** Opening RAW DATA block **

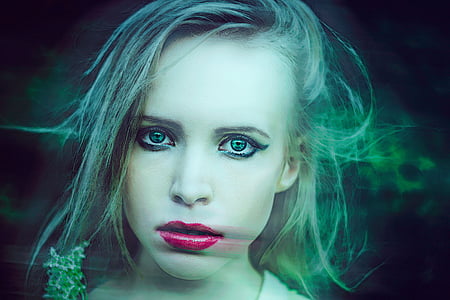 woman photography thumbnail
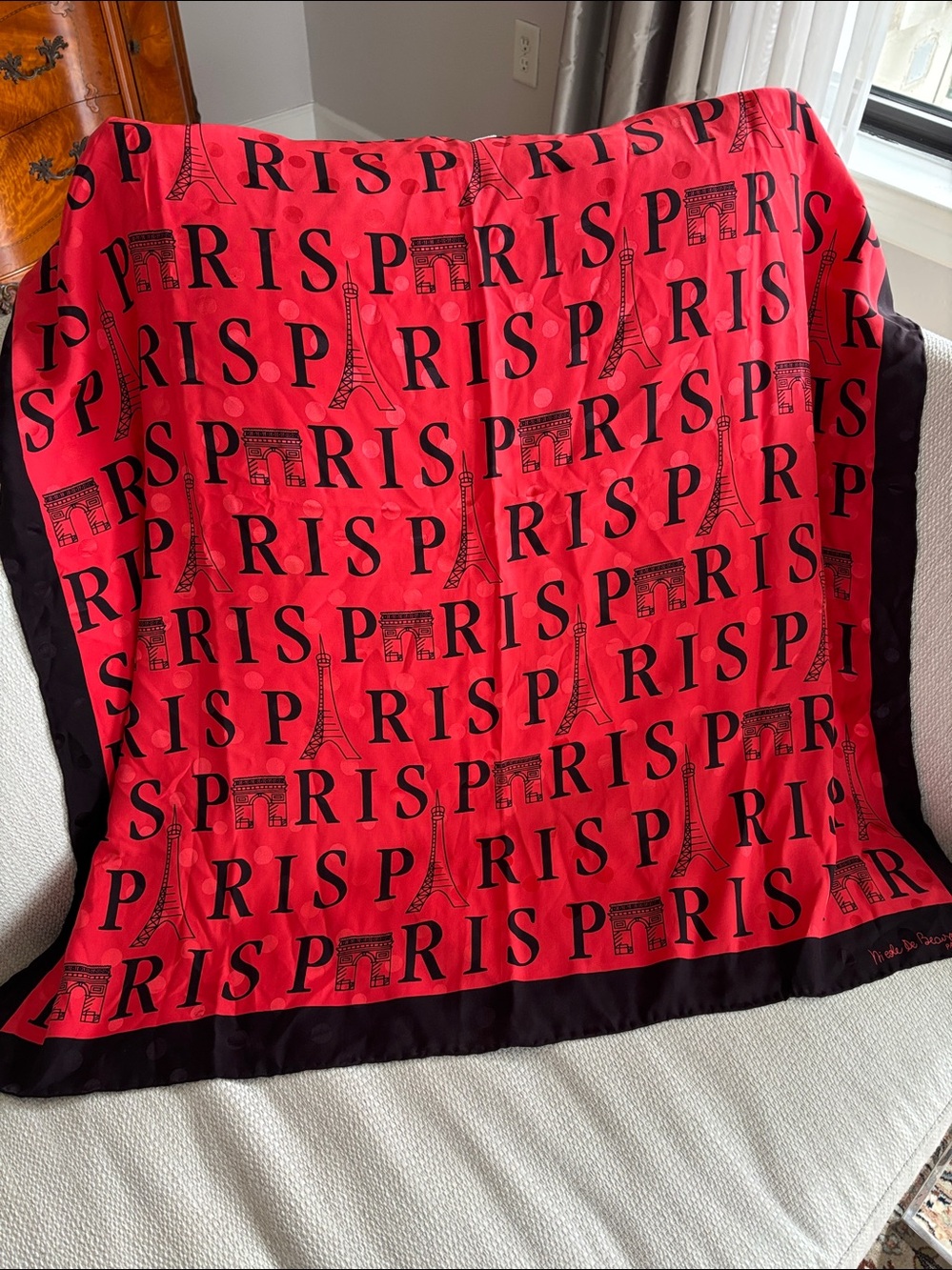 Vintage 1970s Nicole De Beauvoir PARIS red and black silk scarf 33x33 square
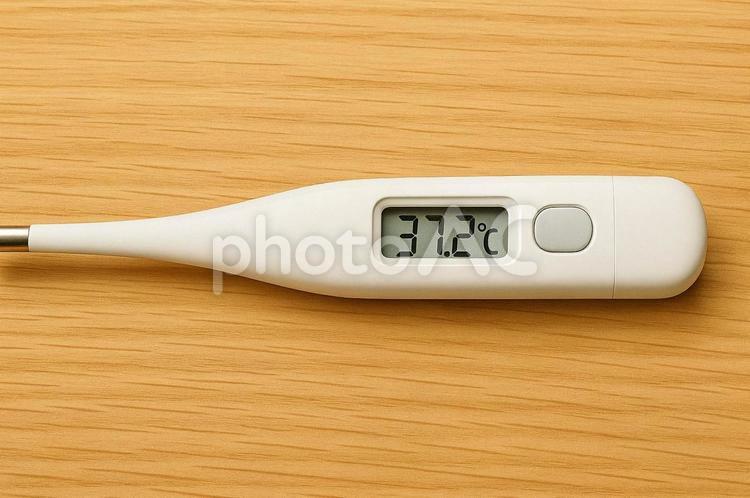 37.2度の電子体温計・検温・微熱・熱 電子体温計,検温,微熱の写真素材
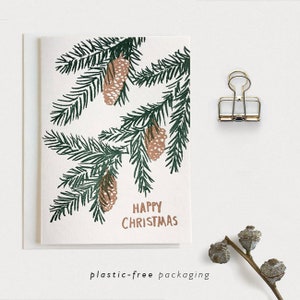 Letterpress-Weihnachtskarte, Happy Christmas Grusskarte, Tannenzapfen Illustration, Grüne und Kupferfarbene Weihnachtspapeterie, Faltkarte
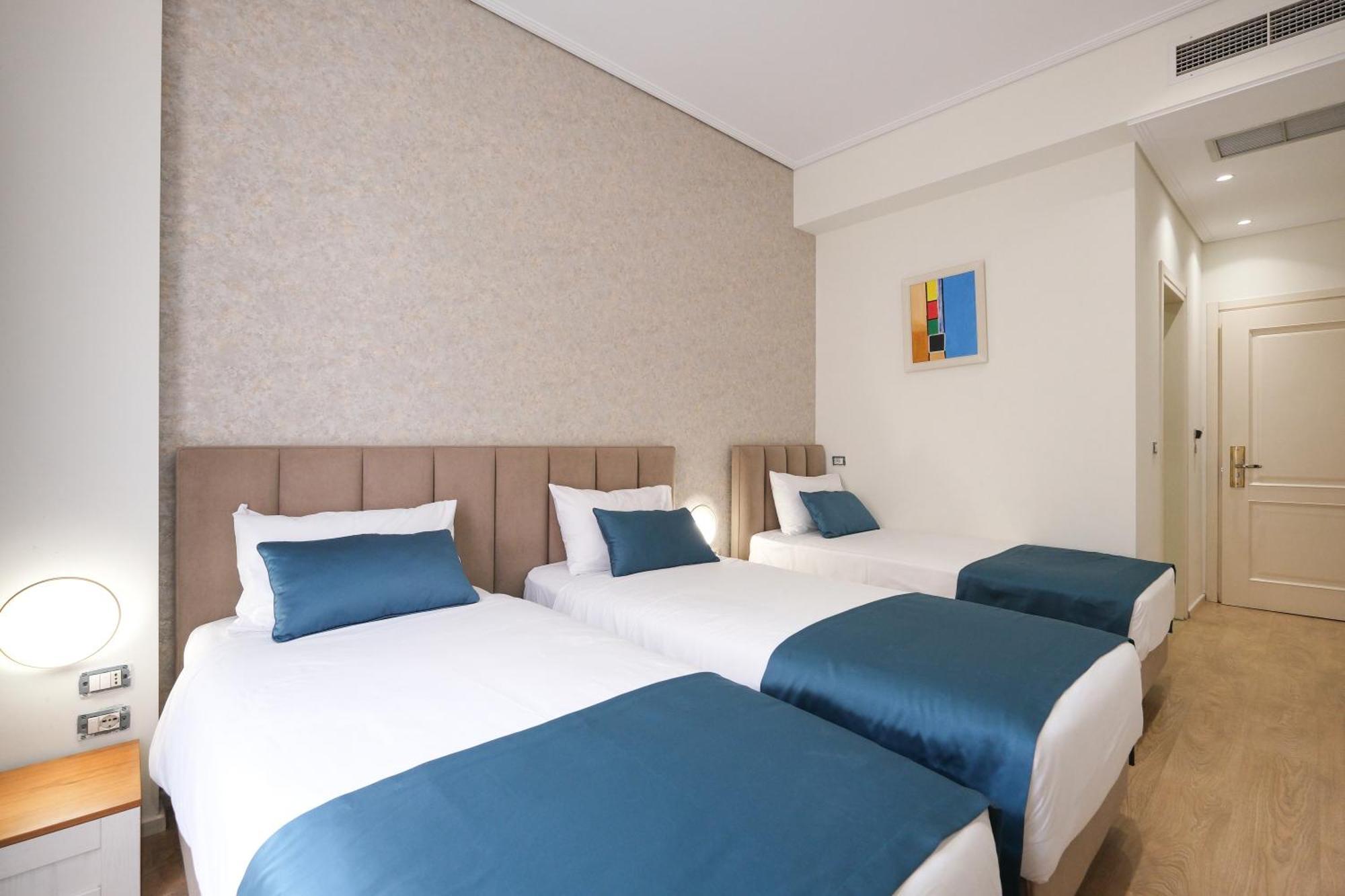 Golden City Hotel , Tirana Esterno foto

** Closing RAW DATA block **

-- WHAT TO PRODUCE --
Would you set down each line of the listing above exactly, apart from the pictures?

-- SOLUTION TO THIS EXERCISE --
 woman photography thumbnail
 Vintage 1970s Nicole De Beauvoir PARIS red and black silk scarf 33x33 square
 37.2度の電子体温計・検温・微熱・熱 電子体温計,検温,微熱の写真素材
 Letterpress-Weihnachtskarte, Happy Christmas Grusskarte, Tannenzapfen Illustration, Grüne und Kupferfarbene Weihnachtspapeterie, Faltkarte
 Golden City Hotel , Tirana Esterno foto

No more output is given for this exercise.